Par ailleurs, en demandant symboliquement à l’homme « d’orienter son cœur vers Jérusalem ou le Beth Hamikdach », la Torah demande symboliquement au fidèle d’orienter les intentions de son cœur vers des sujets de sainteté, de s’assurer que toutes les aspirations de son cœur soient spirituelles, saintes, à l’image du Beth Hamikdach (Mei Hachiloah, rapporté par Rav Rozenberg).
Le deuxième éclairage que nous aimerions apporter sur la Paracha de la semaine à partir des enseignements du Daf Hayomi concerne la législation sur le temps donné aux enfants d’Israël qui leur impose donc, à partir de leur sortie d’Egypte, de compter les mois et les années, et de sanctifier les débuts de mois, lorsque la lune se renouvelle.
Les règles relatives au nouveau mois, et de manière plus générale au calendrier juif, ont ceci de spécifique que, contrairement au Chabbath qui est fixé de manière précise dans le temps par l’Eternel, elles demandent l’intervention de l’homme pour apprécier quel jour doit être consacré au titre du nouveau mois, à partir du témoignage de deux témoins.
Cette fixation des mois par l’intermédiaire de l’homme a pour conséquence que les fêtes juives vont également dépendre du calendrier fixé par les hommes. Or les fêtes sont présumées porter en elles un flux de sainteté, une intensité spirituelle, elles entraînent également de nombreuses lois impératives pour les hommes. Aussi, en demandant à l’homme dans notre Paracha de fixer le calendrier, l’Eternel lui a également signifié que l’apparition de la sainteté dans ce monde dépendait en partie de lui. C’est l’homme qui déclenche les flux de sainteté dans ce monde à travers son respect de la loi donnée par l’Eternel concernant la sanctification des nouveaux mois.
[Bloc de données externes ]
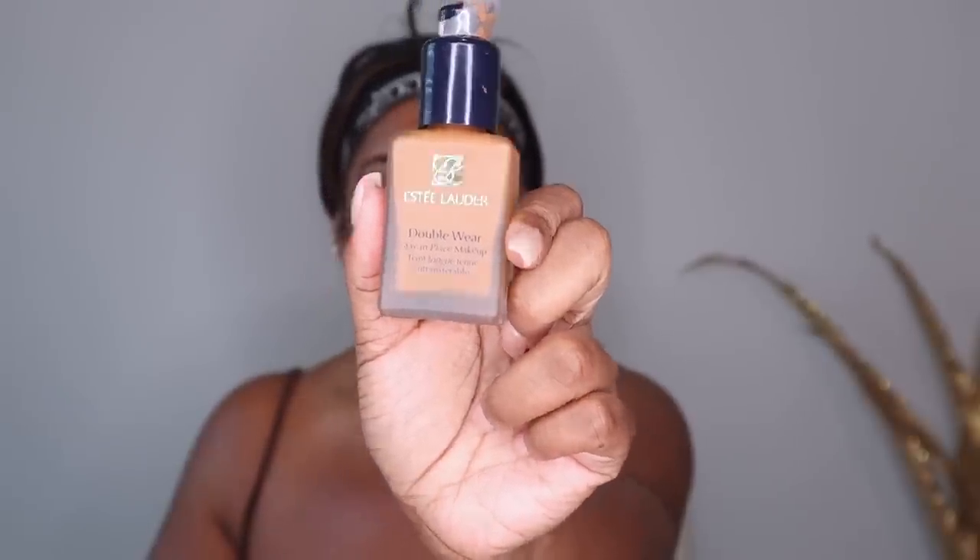I'm going to go in with my Estée Lauder Double Wear Foundation in the shade Amber Honey. I did pick up a new foundation, which is the Laura Mercier Real Flawless Weightless Foundation, but after further inspection and reviewing, I hear that it's good for dry skin. I have combo skin — not dry at all, but if I had to choose, it would be in the middle. It can go oily over time, but I don't really have oily skin either. My skin is doing pretty good so I don't want to ruin it by putting on a new foundation. I just have one pimple right here that's going away and I don't want any more.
Cette vision du temps est profondément humaniste et révolutionnaire car elle invite l’homme à ne pas se considérer comme passif face au temps qui s’égrène devant lui et qui s’impose à lui, mais, au contraire, à se percevoir comme acteur de son temps, ou plutôt, pour reprendre la belle expression d’Abraham Heshel, comme « bâtisseur du temps ».
Le temps de la Torah est le fruit d’une sage coopération entre D.ieu et les hommes. D.ieu a fixé le cycle naturel du temps, l’alternance de la nuit et du jour, la célébration du Chabbath le septième jour de la semaine ; l’homme détermine les nouveaux mois, et donc les jours dans lesquelles tomberont les fêtes. La sainteté du temps procède précisément de cette dialectique entre le temps fixé par l’Eternel et le temps fixé par l’homme.
Le traité Brakhot étudié ces derniers jours dans le cadre du Daf Hayomi souligne précisément cette articulation entre le temps divin et le temps humain. En effet, l’Eternel a ordonné aux hommes certaines obligations comme réciter le Chéma’ chaque jour, mais c’est l’homme qui décide du temps propice pour accomplir cette Mitsva.
A travers cette première législation relative au calendrier, la Torah pose donc d’emblée l’enjeu essentiel de la foi juive : la double fidélité demandée aux enfants d’Israël envers la Torah écrite donnée directement par D.ieu d’une part et la Torah orale fixée par les Sages d’autres part. La sainteté à laquelle les hommes peuvent aspirer sur terre procède de cette double allégeance : à la parole de D.ieu et à la parole des Sages.
Puisse l’Eternel nous permettre de nous servir de notre cœur pour Le servir de la plus belle manière, en approfondissant les merveilleuses capacités dont Il nous a dotés. Un cœur pur, raffiné au contact de la Torah et des paroles des Sages, soucieux d’accomplir la volonté du Maître du monde, sera notre meilleure boussole pour comprendre comment nous diriger dans la vie, et comment faire du temps qui s’écoule le lieu d’une sanctification de l’Eternel.